In the 20th century, there were two spaces after an end of sentence period. (I still do that.)


> In the 20th century, there were two spaces after an end of sentence period. (I still do that.)

Only if you used a typewriter. I was using (La)TeX in the twentieth (1990s), and it defaulted to a rough equivalent of 1.5 spaces (see \spacefactor).

Two ('full') space characters were added because of (tele)typewriters and their fixed width fonts, and this was generally not used in 'properly' published works with proportional typefaces; see CMoS:

* https://www.chicagomanualofstyle.org/qanda/data/faq/topics/O...

Bringhurst's The Elements of Typographic Style (§2.1.4) concurs:

* https://readings.design/PDF/the_elements_of_typographic_styl...

* https://webtypography.net/2.1.4

* https://en.wikipedia.org/wiki/The_Elements_of_Typographic_St...


Good to know! I am reminded of using *roff in the 1980s. Punctuation such as periods at the end of lines marked end of sentences, and nroff would insert two spaces in that case.

  In HN, you can force two spaces between
  sentences.  But only in code blocks.


vim still does it, when joining lines.


Because I learned to type on a typewriter, I always ended every sentence with a period and two spaces. But LaTeX was kind enough to not care whether I put one or two spaces, and gave me the right proportional spacing regardless.


Thanks for sharing. I'm a double spacer, but have to agree it does look to wide most of the time, while single-spacing looks too narrow. 1.5 sounds like a greatGoldilocks spacing. I only wish it were easier to use.

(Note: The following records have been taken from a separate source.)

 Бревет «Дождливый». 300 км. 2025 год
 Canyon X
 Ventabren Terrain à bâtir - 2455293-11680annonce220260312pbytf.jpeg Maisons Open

> Two ('full') space characters were added because of (tele)typewriters and their fixed width fonts

I could never agree with this, because monospace fonts are already adding extra space with the dot character, which is much narrower in proportional fonts. That fact alone makes the visual gap already similarly wide as it would be in typeset proportional text. Adding a second space makes it much too wide visually (almost three positions wide). It looks like badly typeset justified text.

(I understand why people are doing it, I just don’t agree on aesthetic grounds.)

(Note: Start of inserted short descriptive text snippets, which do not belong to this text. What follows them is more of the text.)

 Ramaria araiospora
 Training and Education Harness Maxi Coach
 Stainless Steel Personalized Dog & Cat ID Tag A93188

Very annoying how HTML changes your two spaces into one space.


Try   [1]

[1] https://en.m.wikipedia.org/wiki/Non-breaking_space (see specifically the example section)


I use “ ” if I really need a blank space.

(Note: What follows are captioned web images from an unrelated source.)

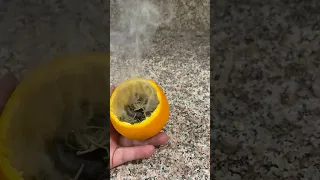 كيف تجعل ريحت بيتك نفس ريحه الفنادق  كيف تجعل ريحت بيتك نفس ريحه الفنادق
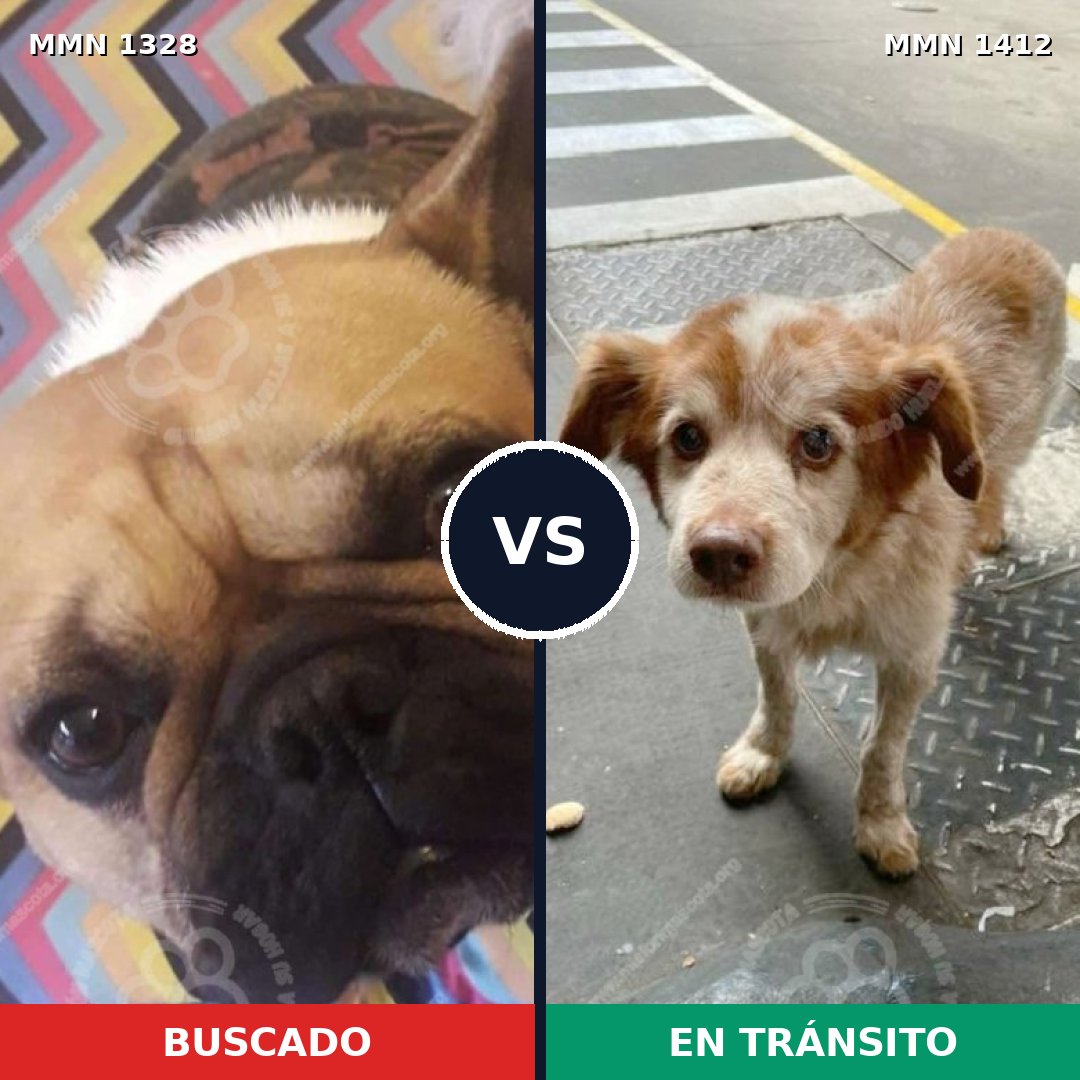 Comparativa MMS 26190: mascota perdida y mascota encontrada, 48% de similitud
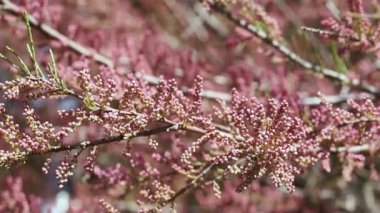 Branch with pink flowers od tamarix salt cedar tree , beautiful ornamental plant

When I was growing up (90s), we were taught that either one or two spaces was acceptable practice.


I was thought two spaces was for fixed width (typewriters), whereas one space was for word processors with proportional typesetting.


I eventually gave up on this, but I always favored it because a period with two spaces after it very clearly designated the end of a sentence, as opposed to something like an abbreviation. It made parsing English just a little bit easier.


Indeed, Emacs has historically used the double space at the end of a sentence to provide movement and cut functions operating on sentences.


I think Google Docs does this automatically.


I've been called out on this by coworkers in code review. It's mildly infuriating.


These are the moments that I need to have a confrontation about not bringing up unimportant things. The person who wrote the comment intended to communicate things about the code. The person who brought up the punctuation could change if if they really wanted to, if it was actually productive work. It's about "catching" someone else and having a reason to nip them on the ear. Review like that is what belongs in the garbage.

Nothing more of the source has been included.